Colour, Form and Composition: Milton Avery’s Influence on Contemporary Painting
MICAS MALTA PRESENTS MILTON AVERY
The Dolomites might have their boutique hotels and Tuscany its forest art trails, but Malta is about to pull off a cultural coup of its own. This autumn, the Malta International Contemporary Art Space (MICAS) will unveil a landmark exhibition: Colour, Form and Composition: Milton Avery and His Enduring Influence on Contemporary Painting. Running 25 October 2025 – 4 April 2026, it’s the first major show to place Avery in dialogue with contemporary artists, and it’s going to be one of the most talked-about art events of the season.
Why Avery, Why Now?
For the uninitiated, Milton Avery (1885–1965) is often described as a “painter’s painter.” He bridged American Impressionism and Abstract Expressionism, simplified scenes into bold blocks of colour, and had a knack for distilling everyday life into something quietly monumental. Rothko, Gottlieb and Barnett Newman all owed him a debt. Yet outside the art world, Avery has often flown under the radar, less famous than his peers, but no less influential.
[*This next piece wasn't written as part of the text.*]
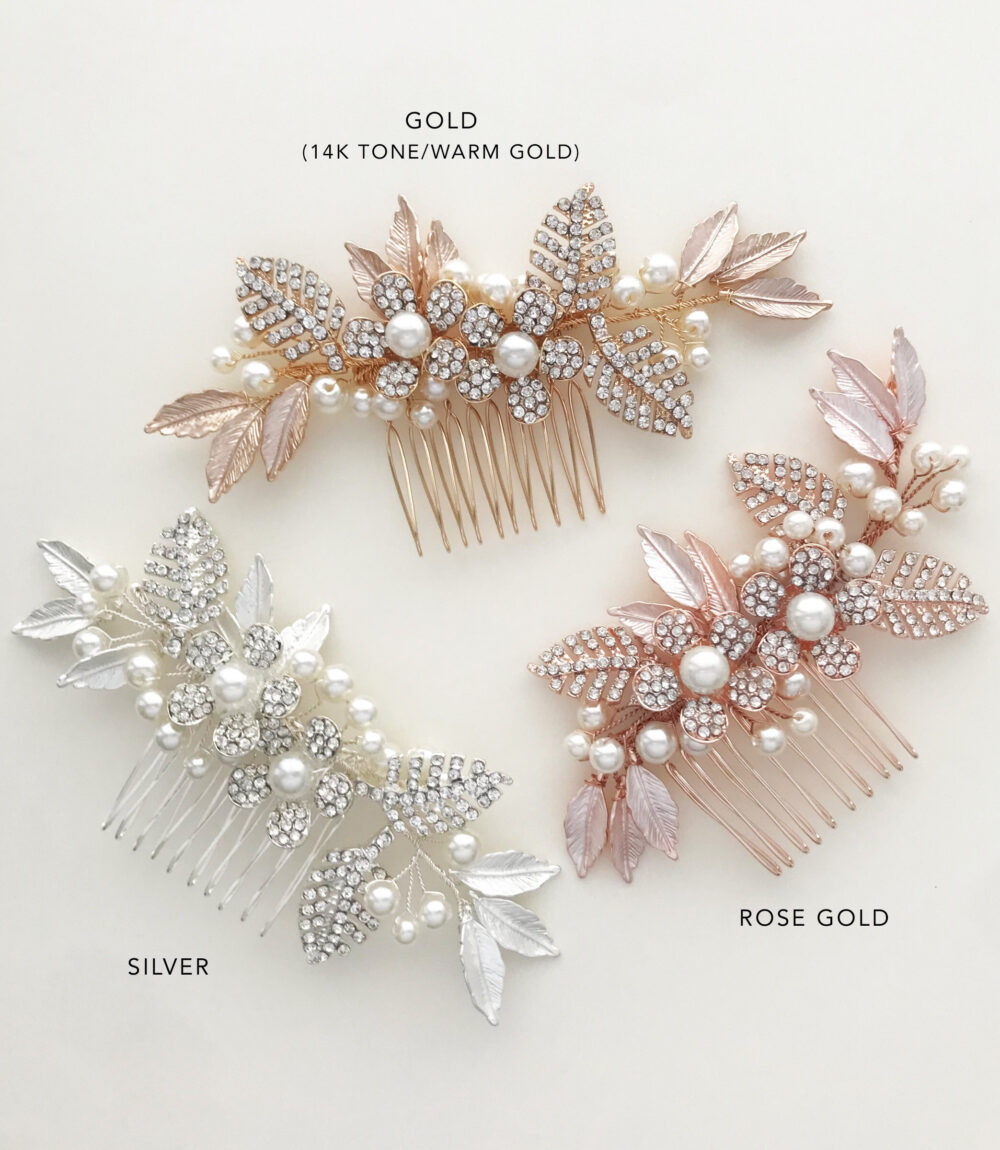 Wedding Hair Comb Crystal & Pearl, Bridal Accessory Flower Leaf, Boho Classic Vintage - "Melody'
This exhibition sets out to change that. With 58 works spanning his career, from early landscapes like Fall in Vermont (1935) to radical late paintings like Two Poets (1963), MICAS will show the full sweep of Avery’s practice: his landscapes, his stripped-down figures, his lyrical colour fields.
Dialogue Across Generations
What makes Colour, Form and Composition stand out is its pairing of Avery with 23 new and recent works by seven contemporary artists who cite him as a touchstone:
Henni Alftan, echoing Avery’s flat planes of colour and distilled storytelling.
Harold Ancart & Andrew Cranston, capturing a sense of place through vibrancy and serenity.
Gary Hume — riffing on Avery’s pared-down forms.
Nicolas Party, whose use of colour makes Avery’s influence crystal clear.
Jonas Wood, turning domestic scenes into bold graphic statements, Avery-style.
March Avery, the artist’s daughter, whose own practice continues the family’s exploration of colour and composition.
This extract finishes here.